Instructions for the task: Find the line that holds "سعيدة.. سقوط فتاة" in the material below. Output that line and each one after it exactly, but not the pictures.

Recorded data:
-*-*-

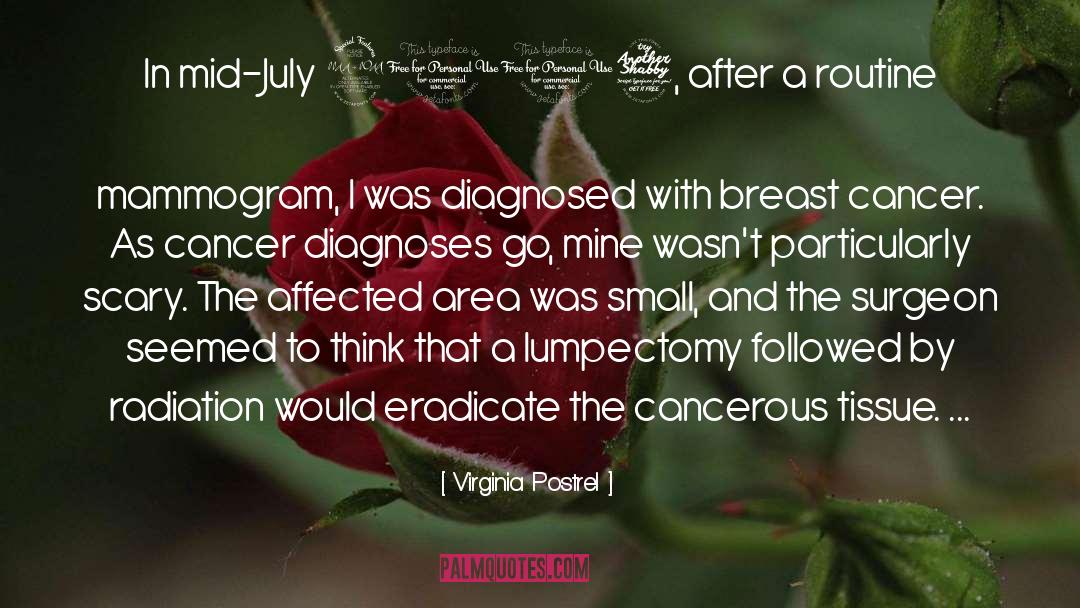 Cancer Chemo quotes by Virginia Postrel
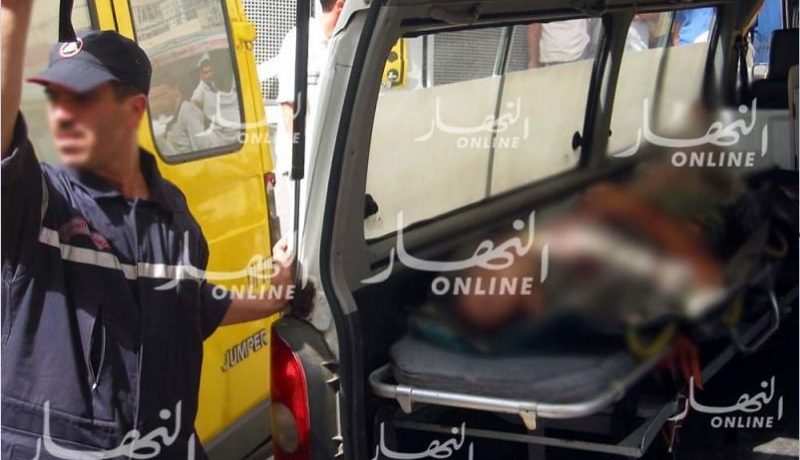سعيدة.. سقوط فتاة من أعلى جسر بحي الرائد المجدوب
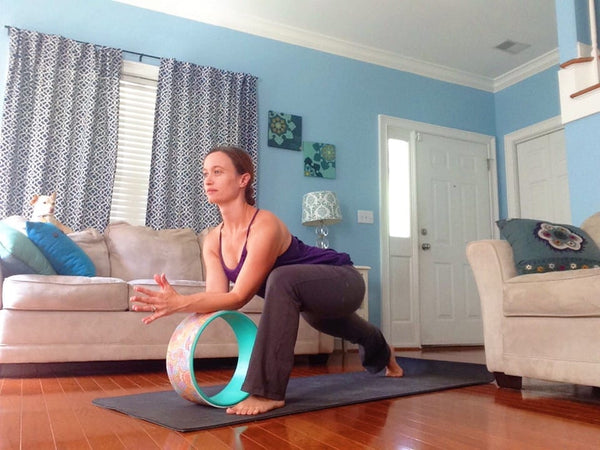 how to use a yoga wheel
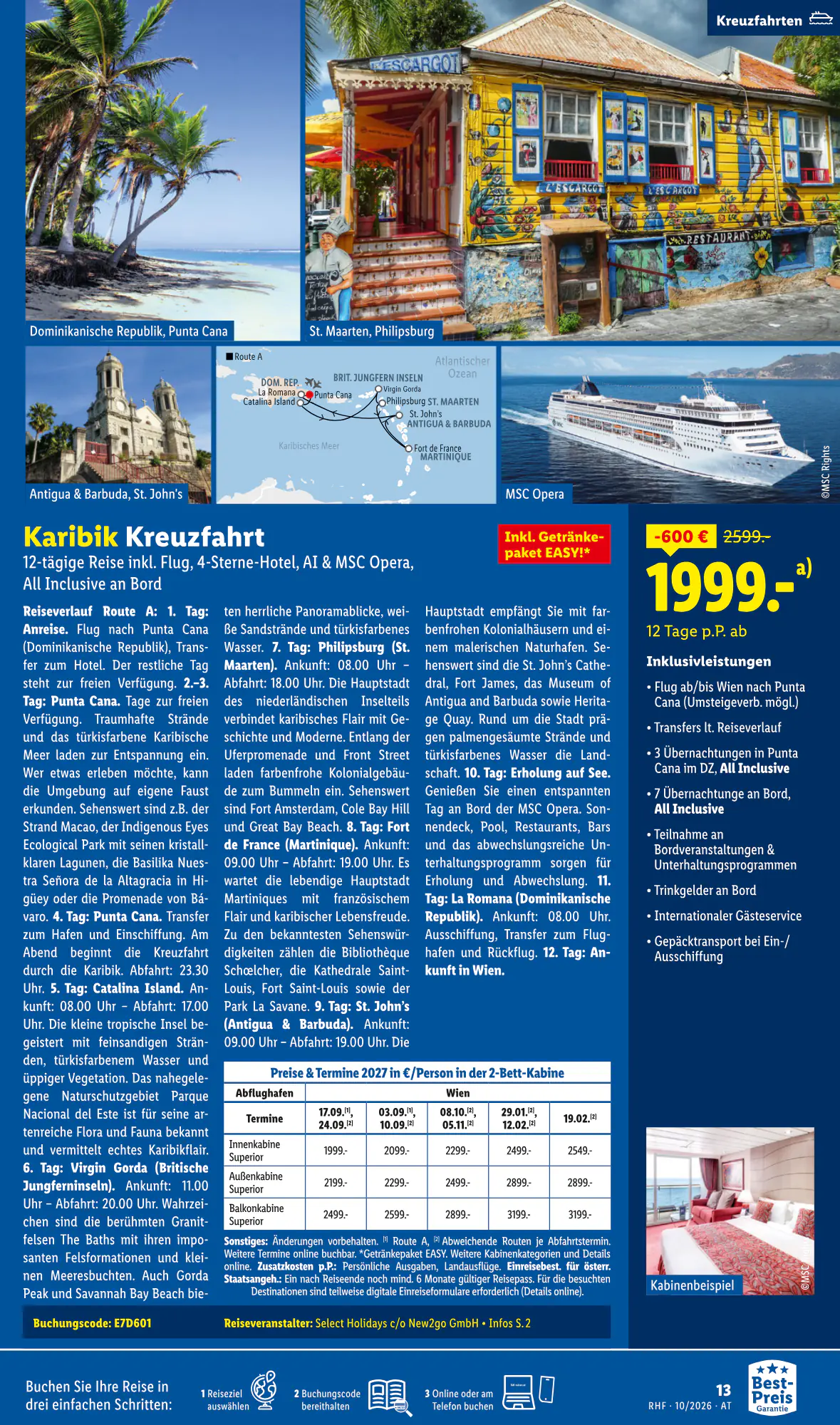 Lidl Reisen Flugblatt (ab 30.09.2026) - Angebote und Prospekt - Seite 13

-*-*-

Exercise solution:
سعيدة.. سقوط فتاة من أعلى جسر بحي الرائد المجدوب
 how to use a yoga wheel
 Lidl Reisen Flugblatt (ab 30.09.2026) - Angebote und Prospekt - Seite 13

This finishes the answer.